## Task material
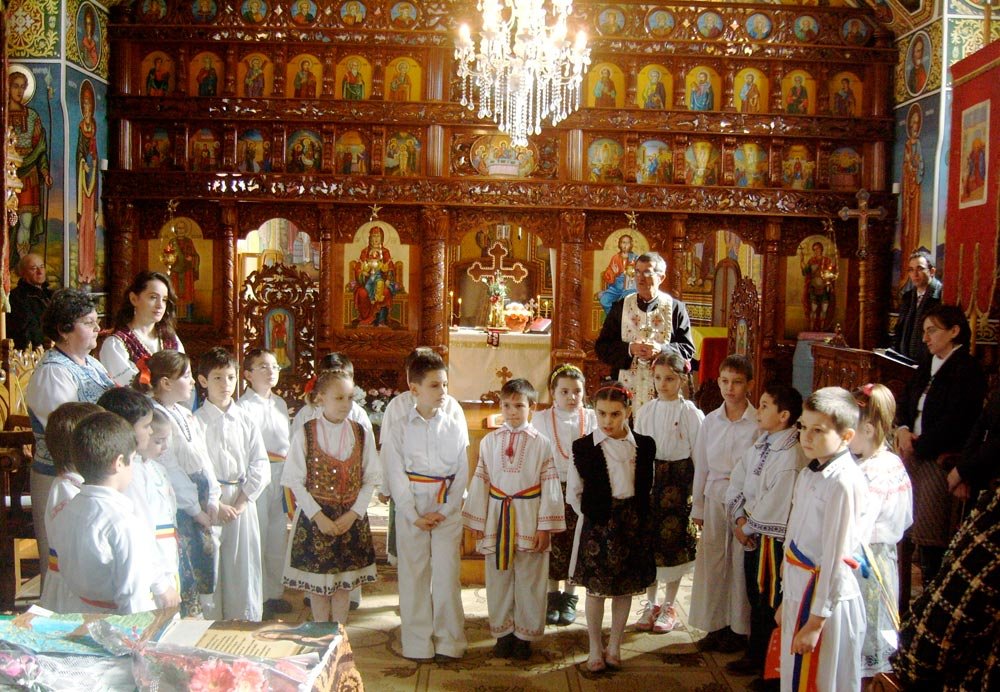 Proiect educaţional „Mama - fiinţa cea mai dragă“ 87273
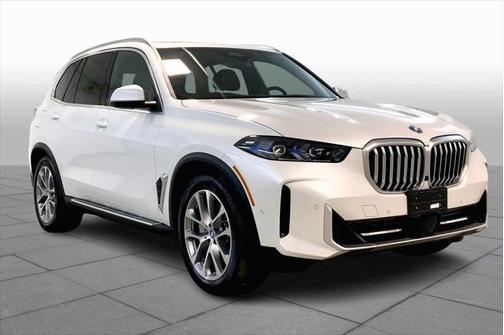 2025 BMW X5 PHEV xDrive50e
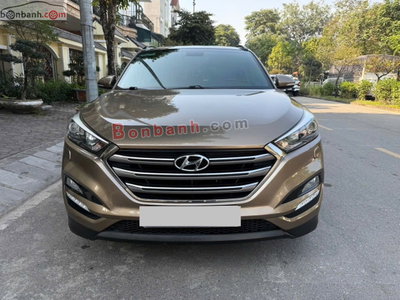Xe Hyundai Tucson 2.0 ATH 2017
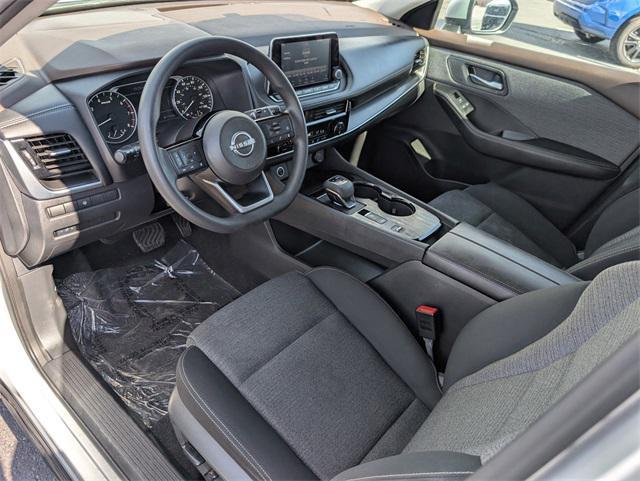 used 2022 Nissan Rogue car, priced at $23,262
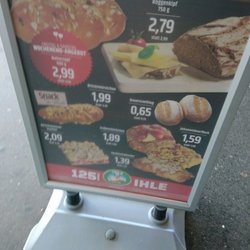 Ihle Bäcker-Snack - Aktuelle Angebote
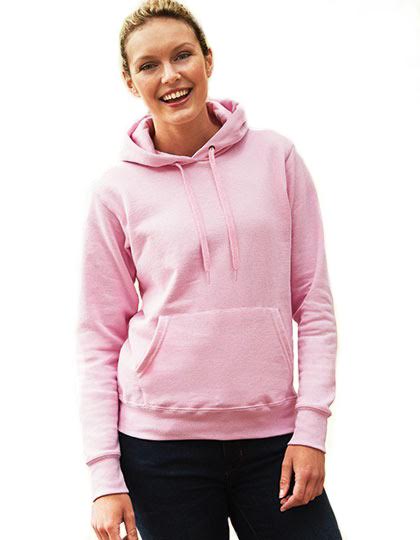 

Bluza Damska z kapturem Fruit Of The Loom r M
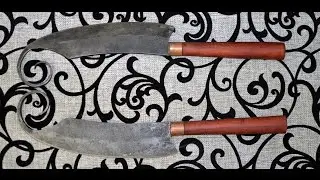 Гиймякеш   нож топор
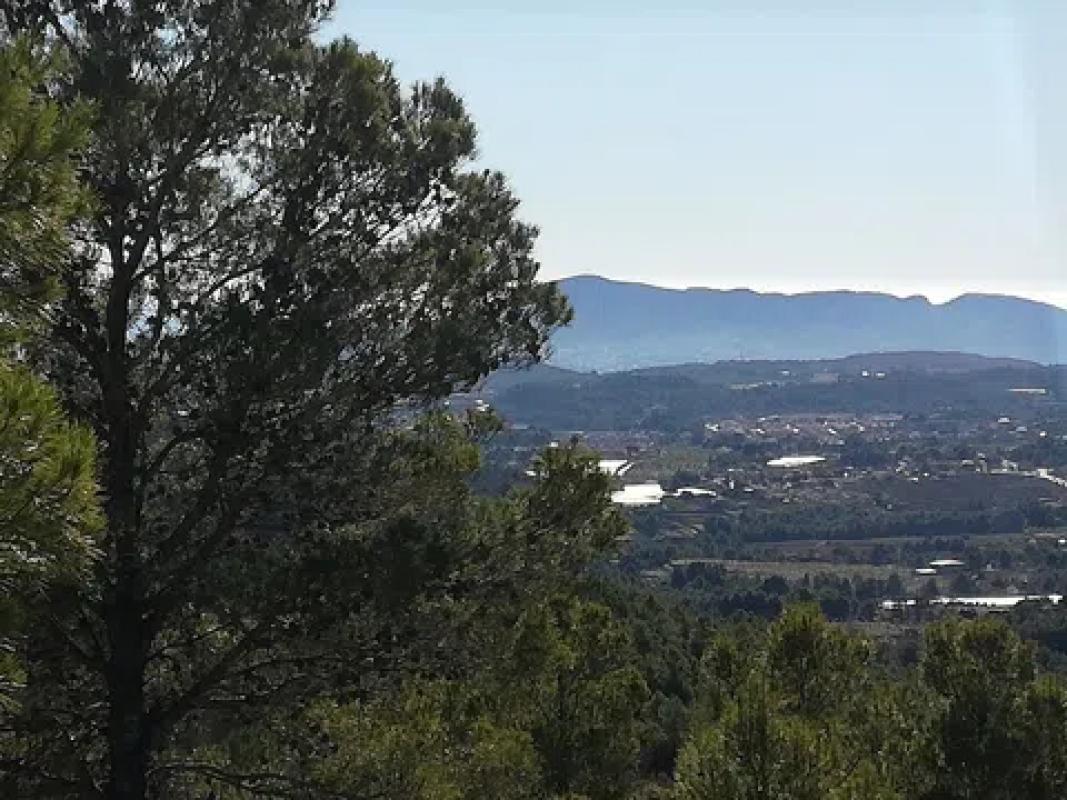 Land for sale in Guadalest, Alicante photo 1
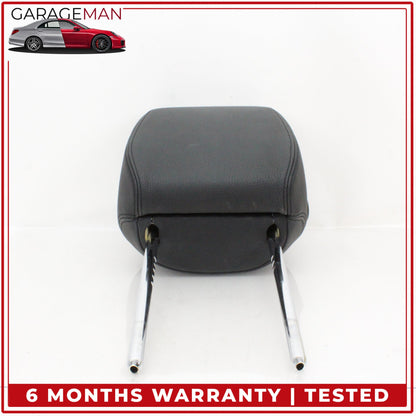 2015-2020 BMW 430i Gran Coupe Front Left or Right Side Seat Head Rest Black OEM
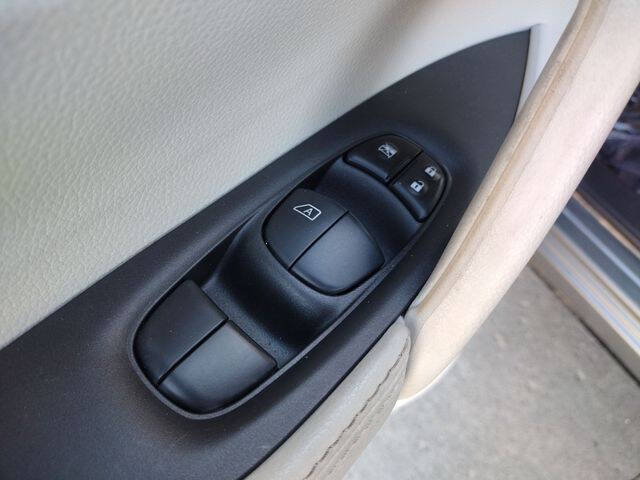 2017 Nissan Rogue Sport S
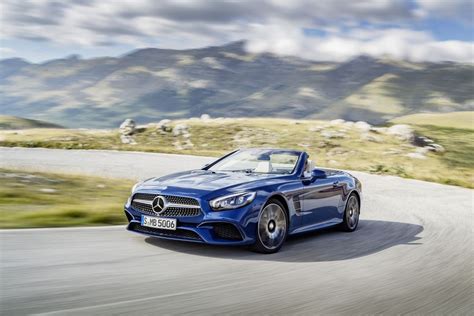 Mercedes-Benz SL Class Convertible Special Editions SL 400 Grand ...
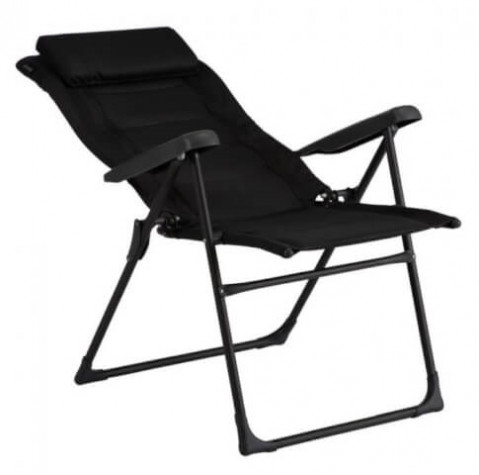 Krzesło kempingowe Vango Hampton Dlx ChairDuoweave - Galeria zdjęcie 3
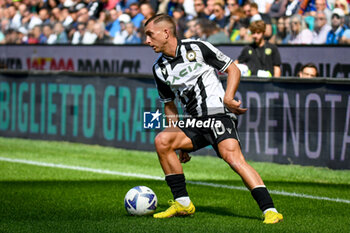 2022-09-18 - Udinese's Gerard Deulofeu portrait in action - UDINESE CALCIO VS INTER - FC INTERNAZIONALE (PORTRAITS ARCHIVE) - ITALIAN SERIE A - SOCCER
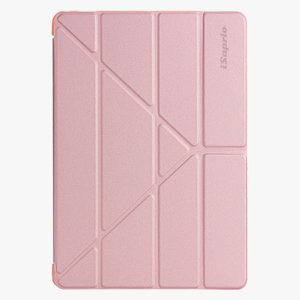 Kryt iSaprio Smart Cover na iPad - Rose Gold - iPad Air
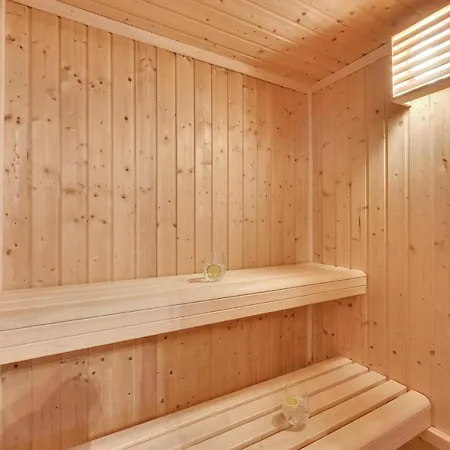 Cozy In With Sauna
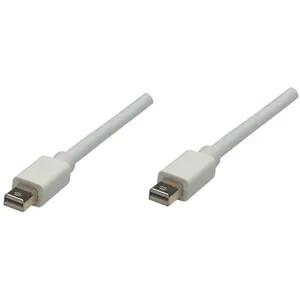 Cable DisplayPort Mini  M/M 1m 324557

## What the task requires
Within the entries above, the lines from the one with "Bluza Damska z kapturem Fruit Of The Loom r M" through the final line are to be printed exactly, with the pictures removed.

## Problem solution
Bluza Damska z kapturem Fruit Of The Loom r M
 Гиймякеш   нож топор
 Land for sale in Guadalest, Alicante photo 1
 2015-2020 BMW 430i Gran Coupe Front Left or Right Side Seat Head Rest Black OEM
 2017 Nissan Rogue Sport S
 Mercedes-Benz SL Class Convertible Special Editions SL 400 Grand ...
 Krzesło kempingowe Vango Hampton Dlx ChairDuoweave - Galeria zdjęcie 3
 2022-09-18 - Udinese's Gerard Deulofeu portrait in action - UDINESE CALCIO VS INTER - FC INTERNAZIONALE (PORTRAITS ARCHIVE) - ITALIAN SERIE A - SOCCER
 Kryt iSaprio Smart Cover na iPad - Rose Gold - iPad Air
 Cozy In With Sauna
 Cable DisplayPort Mini  M/M 1m 324557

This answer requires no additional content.